Best Bait For Bluegill And Bream Fishing
“To catch the most and the biggest bluegills from any bed, you must pick bluegills just like you pick cotton,” Nathaniel Davis, an elderly outdoor friend who helped me learn to hunt and fish, told me years ago. “You start picking cotton on the plant’s outside first and then work your way into the bolls closest to the stem. That way you won’t knock off any of the bolls. When you’re picking bluegills off a bed, begin on the outside beds first, and work your way into the centers. Once you hook a bluegill, it will run for deep water and away from the bluegills on the more-shallow beds, spooking the bluegills further from the shore,” he said. This wise, older outdoorsman never went to high school, trade school or college. But I never knew a better fisherman or hunter, and I always followed his outdoor advice, especially when it came to picking the best bait for bluegill and bream fishing.

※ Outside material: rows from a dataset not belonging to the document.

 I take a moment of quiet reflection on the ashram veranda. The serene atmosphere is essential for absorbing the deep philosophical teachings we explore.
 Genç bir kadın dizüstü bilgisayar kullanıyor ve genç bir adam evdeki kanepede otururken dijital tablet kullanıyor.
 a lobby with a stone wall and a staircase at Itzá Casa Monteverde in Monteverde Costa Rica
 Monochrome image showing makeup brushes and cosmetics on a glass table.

Several modern devices will help you catch more bluegills, including depth finders and GPS receivers. Many bluegill fishermen have learned that if they can locate bluegill beds and mark those spots as waypoints on their GPS receivers, they can return to those sites each year and generally catch bluegills. Thanks to this advantage of better sonar, anglers also are pinpointing bluegill beds where they’ve never located them before. When the bluegills pull off their beds in the spring, they’ll move out to 10 feet of water and hold on rocks, riprap and bridge pilings. By the end of June in the South, many of the larger bluegills have moved to their deep-water haunts to spend the summer, the fall and the winter, before migrating back into shallow water to spawn in the spring. Historically clean banks have been more productive than grass beds for bluegills.
How to Catch Bluegill and Target Areas to Focus On
“To catch trophy bluegills, the best place to start is a farm pond that’s heavily fertilized and has a crowded bass population,” explained my friend, Sam Spencer, once the Chief of Fisheries for the State of Alabama. “If you have low numbers of bluegills, then they have more food available and can grow to a larger size. By increasing the number of prey fish in a body of water, you ensure that only a very-small number of bluegill offspring will survive, providing more food for the adults. The water then will home fewer bluegills – but they will be bigger.”

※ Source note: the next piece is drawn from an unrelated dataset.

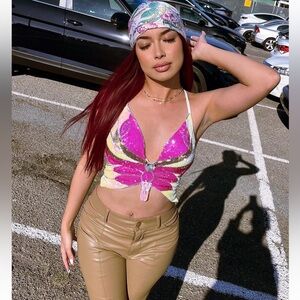 Entire outfit: Butterfly top, brown leather pants, floral bandana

The most-productive farm ponds are generally clear of trees and bushes around them. Also, setting-up an automatic fish feeder with a timer means that when the floating fish food hits the water’s surface, large numbers of bluegills will go on a feeding spree.
Backwaters Off Main River Channels
Smelling bluegills out is what several friends of mine suggest when fishing backwaters. The weed beds, logs, bushes hanging over the water and trees fallen in the water in small creeks, canals, little bays and oxbow lakes coming off major river systems are productive places to find bedding bluegills, often in the same locations year after year. Spawning bluegills in these areas give off an odor like ripe watermelons, and you can follow your nose to pinpoint the bluegill beds. Anglers will use bream poles or ultralight spinning tackle, light line, a red bobber and a small shot lead up the line and bait with live crickets, red worms or nightcrawlers cut into sections.
Around locks and dams, you can pinpoint visible and/or underwater rock piles in front of the flood gates from the surface or with a depth finder. When scuba diving, I often see good concentrations of bluegills holding in the holes and depressions under and around the rock piles. By using light line, little jigs or live bait and a small shot lead, you can entice bluegills to leave the rocks and attack your bait as it free falls from the surface to the bottom.
Large riprap with holes and crevices often line a barge canal’s edges where bluegills will hold. Casting to the rip-rap with Beetle Spins, squirrel-tailed jigs and small rubber jigs like the Keystone Minnow, and bouncing them off the rocks will catch bluegills. Anglers sometimes only fish in the first five feet of water out from the rocks. However, barge channels have rocks extending well away from the surface rocks where you also can catch bluegills. Use a depth finder to find brush, and you may catch bluegills there in 10 – 15 feet of water. You also can change to live bait and fish vertically in deep water.
Hidden Locks and Dams
The inundation of old river systems that had locks and dams on them has formed many lakes throughout the nation. Quality lake maps will show the positions of these old locks and dams. You can catch bluegills on the tops of these underwater locks and dams when the fish move closer to the surface and feed on the lip of the break. You also can take bluegills deep on the downcurrent side of these old dams’ wingwalls and barge canals. Because you may experience some difficulty getting your bait down in these regions, if the lake has current running through it, add a split shot up the line away from the bait.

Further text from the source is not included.